Bila kita glonjom, supaya mengecam dirinya sendiri. Tapi ketika kita baik keadaanya, maka ”FALNAHMADILLAH” kita harus memuji kepada Allah SWT dan syukur kepada Allah SWT. Kita harus berterima kasih kepada makhluk lain yang ada hubunganya baiknya keadaan kita baik soal moril maupun materiil. Tapi kalau buruk keadaan kita ”FALAA TALUMANNAILLAA ANFUUSANA”. Janganlah  kita mengecam selain kepada diri kita sendiri. Dan didalam mengecam dirinya sendiri harus dijiwai LILLAH BILLAH istilah Wahidiyah. Itu semua harus senantiasa menjadi dasar dalam segala gerak-gerik kita itulah tunutnan Islam, tuntunan Rasulullah SAW. Bahkan tuntunan segala agama yang berke-Tuhanan Yang Maha Esa. ”Untuk Tuhan dan sebab Tuhan”, yang berbeda istilahnya saja. Bahkan bagi kita bangsa Indonesia yang punya Pancasila dan didalam perbuatan ”Ketuhanan Yang Maha Esa”. Harus mendasari segala amal perbuatan kita dengan LIL TUHAN DAN BIL TUHAN Yang Maha Esa.

Di waktu kita glonjom ada kata-kata ”ILLAA AMANIYYA”, yaitu orang yang menduga-duga ”MELAMUN”. Mengharap atau Roja’ tapi tak mau berjuang atau usaha, maka ini bukan Roja’ namun terkecam. Yang dinamakan mengharapkan atau Roja’ sekalipun tidak menjagakan amalnya, perbuatanya, usahanya, ibadahnya tapi harus giat berusaha, bersungguh-sungguh, bermujahadah. Juga jangan sampai kita salah faham atau salah menempatkan segala bidang di masing-masing tempatnya. Kalau kita salah menempatkan sesuatu pada tempatnya itu namanya “DHOLIM”. Sesuai definisi Dholim yaitu menempatkan sesuatu tidak pada tempatnya, begitu jika kalau kita menjagakan amal kita itu namanya salah alamat ”Dholim”. Mestinya harus menjagakan kepada Tuhan saja.
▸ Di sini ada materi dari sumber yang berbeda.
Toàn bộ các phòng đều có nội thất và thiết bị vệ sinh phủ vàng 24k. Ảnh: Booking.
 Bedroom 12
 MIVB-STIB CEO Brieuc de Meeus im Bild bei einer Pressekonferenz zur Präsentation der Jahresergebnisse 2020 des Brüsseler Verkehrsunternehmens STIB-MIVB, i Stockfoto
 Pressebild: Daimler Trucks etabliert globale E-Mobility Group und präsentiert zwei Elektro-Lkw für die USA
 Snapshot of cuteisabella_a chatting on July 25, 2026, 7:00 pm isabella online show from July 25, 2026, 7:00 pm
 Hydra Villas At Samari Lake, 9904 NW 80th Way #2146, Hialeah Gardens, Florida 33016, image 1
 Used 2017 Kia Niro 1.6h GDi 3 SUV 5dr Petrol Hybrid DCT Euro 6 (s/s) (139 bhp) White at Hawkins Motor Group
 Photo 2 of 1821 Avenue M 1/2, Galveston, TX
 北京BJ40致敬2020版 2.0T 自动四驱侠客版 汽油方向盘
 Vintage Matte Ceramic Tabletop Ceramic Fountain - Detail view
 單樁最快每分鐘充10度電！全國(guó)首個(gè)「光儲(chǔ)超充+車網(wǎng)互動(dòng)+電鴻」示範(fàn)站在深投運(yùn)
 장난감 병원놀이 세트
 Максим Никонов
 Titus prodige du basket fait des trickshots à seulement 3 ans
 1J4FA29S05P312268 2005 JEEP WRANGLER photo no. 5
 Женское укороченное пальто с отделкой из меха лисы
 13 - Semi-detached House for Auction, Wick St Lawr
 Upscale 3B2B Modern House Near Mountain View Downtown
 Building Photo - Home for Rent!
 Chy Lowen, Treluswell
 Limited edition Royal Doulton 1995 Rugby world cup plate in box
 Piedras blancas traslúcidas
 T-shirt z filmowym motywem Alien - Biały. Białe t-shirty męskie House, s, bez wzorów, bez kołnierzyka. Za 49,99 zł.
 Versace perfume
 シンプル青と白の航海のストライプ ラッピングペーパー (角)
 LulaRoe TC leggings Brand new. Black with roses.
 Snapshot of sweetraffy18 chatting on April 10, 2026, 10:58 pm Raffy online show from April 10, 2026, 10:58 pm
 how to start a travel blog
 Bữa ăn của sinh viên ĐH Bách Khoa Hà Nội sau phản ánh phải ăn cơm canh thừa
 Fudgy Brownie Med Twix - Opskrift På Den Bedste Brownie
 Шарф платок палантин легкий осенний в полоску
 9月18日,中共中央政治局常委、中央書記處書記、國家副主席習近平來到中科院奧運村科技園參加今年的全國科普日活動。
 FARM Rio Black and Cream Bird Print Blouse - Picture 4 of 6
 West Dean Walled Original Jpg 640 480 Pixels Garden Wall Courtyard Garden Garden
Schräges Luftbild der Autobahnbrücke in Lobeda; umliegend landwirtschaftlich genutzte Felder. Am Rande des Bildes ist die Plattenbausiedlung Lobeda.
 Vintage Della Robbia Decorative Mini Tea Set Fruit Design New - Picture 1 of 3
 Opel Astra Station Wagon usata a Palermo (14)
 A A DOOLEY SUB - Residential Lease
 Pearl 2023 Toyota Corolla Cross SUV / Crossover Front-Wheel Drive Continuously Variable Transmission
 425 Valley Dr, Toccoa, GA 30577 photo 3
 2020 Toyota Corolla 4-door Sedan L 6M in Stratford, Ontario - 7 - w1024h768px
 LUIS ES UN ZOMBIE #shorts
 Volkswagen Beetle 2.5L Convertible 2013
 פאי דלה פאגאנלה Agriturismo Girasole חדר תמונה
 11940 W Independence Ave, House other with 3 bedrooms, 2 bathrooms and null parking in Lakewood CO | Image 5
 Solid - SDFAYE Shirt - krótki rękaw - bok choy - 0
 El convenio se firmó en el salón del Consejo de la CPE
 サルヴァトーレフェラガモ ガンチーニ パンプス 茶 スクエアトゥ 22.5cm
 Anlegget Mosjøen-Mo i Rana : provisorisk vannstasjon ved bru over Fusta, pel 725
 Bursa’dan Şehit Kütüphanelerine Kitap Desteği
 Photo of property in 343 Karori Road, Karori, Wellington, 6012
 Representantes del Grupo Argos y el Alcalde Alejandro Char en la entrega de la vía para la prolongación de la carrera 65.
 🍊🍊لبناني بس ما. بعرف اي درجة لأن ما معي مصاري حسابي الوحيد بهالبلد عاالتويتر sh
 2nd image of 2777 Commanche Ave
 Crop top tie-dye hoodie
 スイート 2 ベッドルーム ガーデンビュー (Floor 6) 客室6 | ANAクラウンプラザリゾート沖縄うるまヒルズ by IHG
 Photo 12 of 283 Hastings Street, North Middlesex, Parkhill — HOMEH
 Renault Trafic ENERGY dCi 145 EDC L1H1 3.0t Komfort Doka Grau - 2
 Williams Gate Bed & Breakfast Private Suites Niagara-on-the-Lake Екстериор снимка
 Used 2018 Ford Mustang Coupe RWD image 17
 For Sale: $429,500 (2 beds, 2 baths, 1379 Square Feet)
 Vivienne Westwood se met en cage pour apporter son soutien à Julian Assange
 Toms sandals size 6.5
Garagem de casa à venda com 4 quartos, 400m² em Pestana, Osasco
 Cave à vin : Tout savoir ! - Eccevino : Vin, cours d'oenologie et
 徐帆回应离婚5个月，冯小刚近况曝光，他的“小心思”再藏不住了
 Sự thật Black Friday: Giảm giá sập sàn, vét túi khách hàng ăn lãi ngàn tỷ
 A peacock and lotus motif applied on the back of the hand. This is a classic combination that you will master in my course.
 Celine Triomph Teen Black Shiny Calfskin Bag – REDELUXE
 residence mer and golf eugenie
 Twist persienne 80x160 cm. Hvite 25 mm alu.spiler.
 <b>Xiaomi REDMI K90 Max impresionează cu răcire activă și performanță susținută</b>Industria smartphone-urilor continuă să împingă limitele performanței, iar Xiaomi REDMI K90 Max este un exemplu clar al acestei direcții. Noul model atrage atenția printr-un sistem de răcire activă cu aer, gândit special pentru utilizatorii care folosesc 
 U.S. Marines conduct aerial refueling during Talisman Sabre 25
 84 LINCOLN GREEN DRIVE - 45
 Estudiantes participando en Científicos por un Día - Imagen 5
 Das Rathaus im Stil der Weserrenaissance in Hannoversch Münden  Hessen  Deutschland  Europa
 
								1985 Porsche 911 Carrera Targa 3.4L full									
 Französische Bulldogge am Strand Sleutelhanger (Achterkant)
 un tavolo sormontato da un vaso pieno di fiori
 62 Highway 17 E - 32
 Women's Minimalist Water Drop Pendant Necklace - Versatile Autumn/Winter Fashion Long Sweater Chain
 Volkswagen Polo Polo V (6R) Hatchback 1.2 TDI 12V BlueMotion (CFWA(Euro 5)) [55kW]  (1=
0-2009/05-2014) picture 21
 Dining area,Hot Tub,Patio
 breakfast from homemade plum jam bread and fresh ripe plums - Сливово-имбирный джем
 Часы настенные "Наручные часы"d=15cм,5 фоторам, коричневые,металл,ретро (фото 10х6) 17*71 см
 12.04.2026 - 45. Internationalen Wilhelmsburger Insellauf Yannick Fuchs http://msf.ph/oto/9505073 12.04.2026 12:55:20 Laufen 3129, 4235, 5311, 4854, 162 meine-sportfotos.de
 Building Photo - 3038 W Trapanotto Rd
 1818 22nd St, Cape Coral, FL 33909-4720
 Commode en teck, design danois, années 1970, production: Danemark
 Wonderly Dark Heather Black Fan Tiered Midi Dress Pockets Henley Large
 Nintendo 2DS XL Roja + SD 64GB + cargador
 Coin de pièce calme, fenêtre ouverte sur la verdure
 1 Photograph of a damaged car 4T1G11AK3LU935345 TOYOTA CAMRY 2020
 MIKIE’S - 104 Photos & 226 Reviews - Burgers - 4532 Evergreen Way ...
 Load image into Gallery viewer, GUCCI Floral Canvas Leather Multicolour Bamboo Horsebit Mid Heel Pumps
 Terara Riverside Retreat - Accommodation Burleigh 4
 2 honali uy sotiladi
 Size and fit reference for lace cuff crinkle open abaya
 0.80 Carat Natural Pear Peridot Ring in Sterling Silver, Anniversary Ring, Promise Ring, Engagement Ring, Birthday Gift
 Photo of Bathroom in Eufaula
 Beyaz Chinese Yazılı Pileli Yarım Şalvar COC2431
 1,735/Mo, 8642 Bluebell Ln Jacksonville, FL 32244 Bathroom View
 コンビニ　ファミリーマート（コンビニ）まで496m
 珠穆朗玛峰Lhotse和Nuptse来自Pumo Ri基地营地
Namun sekalipun glonjom kita harus tetap menjagakan kepadaTuhan, tapi selain menjagakan kita harus berusaha dan berbuat, bila tidak mau berbuat atau berusaha iu namanya ”AMANI” atau lamunan. Dan ini terkecam jadi sekalipun mengharap atau Roja’ kepada Tuhan, itu penting tapi lebih penting lagi adalah tepatnya. Hubungan ini mungkin, orang selalu kuat non stop usahanya, mujahadahnya, tapi tidak ada Roja’ kepada Tuhan melainkan menjagakan kepada amalnya, sering istirahat tapi dia tepat. Tapi kita harus sebanyak mungkin dan setepat mungkin, ini tepatnya. Jadi yang penting dan prinsip adalah setepat mungkin. Jadi tidak boleh hanya menyalah gunakan, misal, biarlah sedikit asal tepat saja, sekalipun banyak kalau tidak tepat, itu tak berarti dsb. Itu namanya menyalah gunakan, tidak boleh dan terkecam karena menyalah gunakan. Jadi kita harus setepat mungkin dan sebanyak mungkin, istilah kwalitas dan kwantitas. Adapun kwantitasnya atau banyaknya itu nomor dua yang paling penting adalah kwalitas yaitu isi atau mutunya. Namun yang harus tetap berusaha mengisi keduanya kwalitas dan kwantitas.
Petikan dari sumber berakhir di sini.